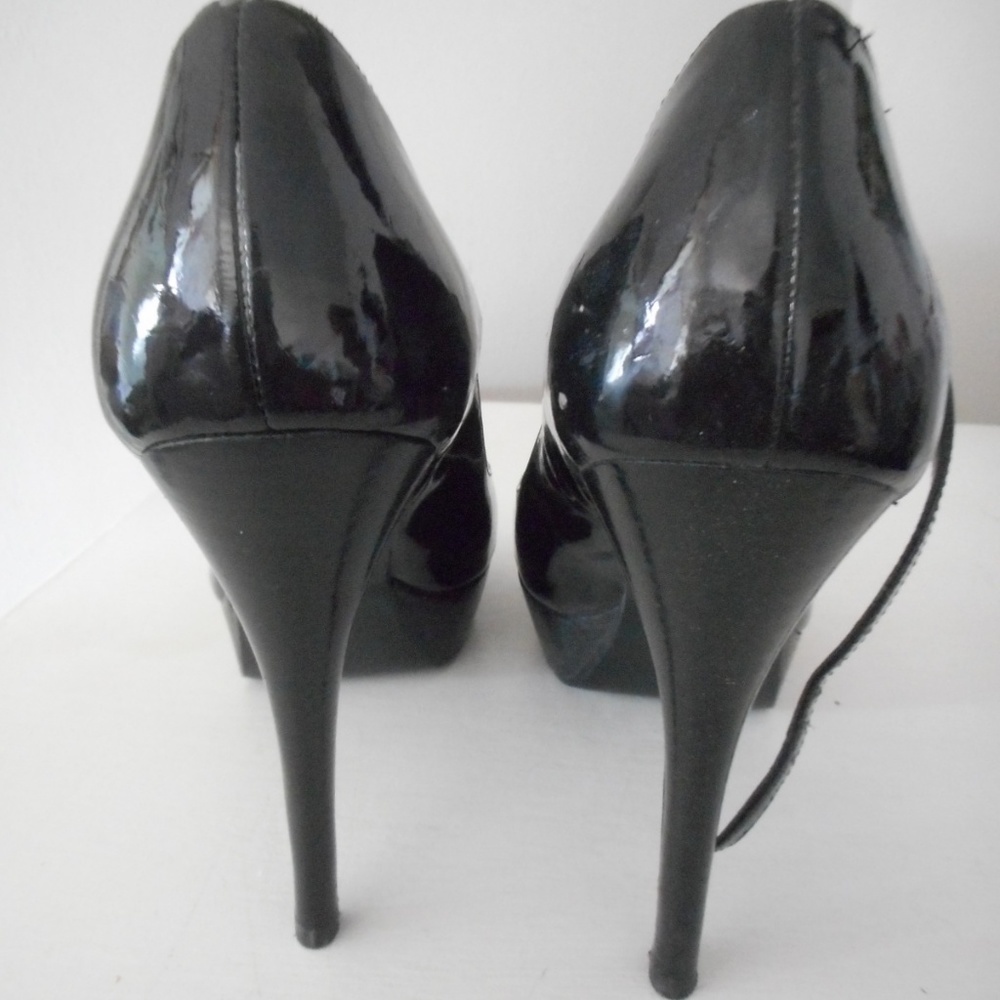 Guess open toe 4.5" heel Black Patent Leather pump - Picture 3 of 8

- - - - - - -

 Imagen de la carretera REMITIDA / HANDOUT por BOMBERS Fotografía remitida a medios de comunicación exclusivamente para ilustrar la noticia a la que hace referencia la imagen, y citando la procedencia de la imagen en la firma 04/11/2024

- - - - - - -

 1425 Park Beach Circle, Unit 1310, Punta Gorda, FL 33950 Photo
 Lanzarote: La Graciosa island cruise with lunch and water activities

- - - - - - -

# Exercise:
Set down, exactly as they stand above, the lines starting with the line with "1425 Park Beach" and going on through the line with "Lanzarote: La Graciosa", and no others.

# Task response:
 1425 Park Beach Circle, Unit 1310, Punta Gorda, FL 33950 Photo
 Lanzarote: La Graciosa island cruise with lunch and water activities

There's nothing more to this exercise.